This week, the Supreme Court gave an important judgment for creditors and debtors alike, finding that disposal of an asset for less than its value will, in appropriate circumstances, be caught by insolvency law, even if the debtor does not personally own the asset that was disposed.
Facts
Section 423 of the Insolvency Act 1986 protects creditors from being defrauded. It applies in situations where debtors dispose of an asset for no value or for less than the asset is worth, and allows creditors to set aside such disposals.
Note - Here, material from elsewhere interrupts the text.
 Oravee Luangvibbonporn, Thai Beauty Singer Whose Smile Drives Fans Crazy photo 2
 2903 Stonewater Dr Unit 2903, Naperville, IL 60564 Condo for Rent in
In the case of El Husseiny v Invest Bank1, Invest Bank had obtained a judgment for around £20 million against Mr El-Husseini. The bank wanted to enforce its judgment, in particular against a property owned by Mr El-Husseini in central London. This property was owned by Marquee Holdings, in which Mr El-Husseini held all of the shares. In 2017, Mr El-Husseini disposed of the property by transferring ownership to his son, Ziad, who paid nothing for the property to either Marquee or Mr El-Husseini.
The bank alleged that Mr El-Husseini had stripped Marquee of its only asset and had seriously prejudiced the bank’s ability to enforce its judgment. In response, Mr El-Husseini and his son said that section 423 applied only to assets which he held personally and that therefore did not apply here, as Marquee held the property in central London, rather than Mr El-Husseini.
The Supreme Court’s decision
The Supreme Court rejected Mr El-Husseini’s argument and found that section 423 did apply to the disposal of assets that had been structured in this way. The Court found that a straightforward reading of this section was the appropriate approach, rather than the more convoluted and caveated approach argued by Mr El-Husseini.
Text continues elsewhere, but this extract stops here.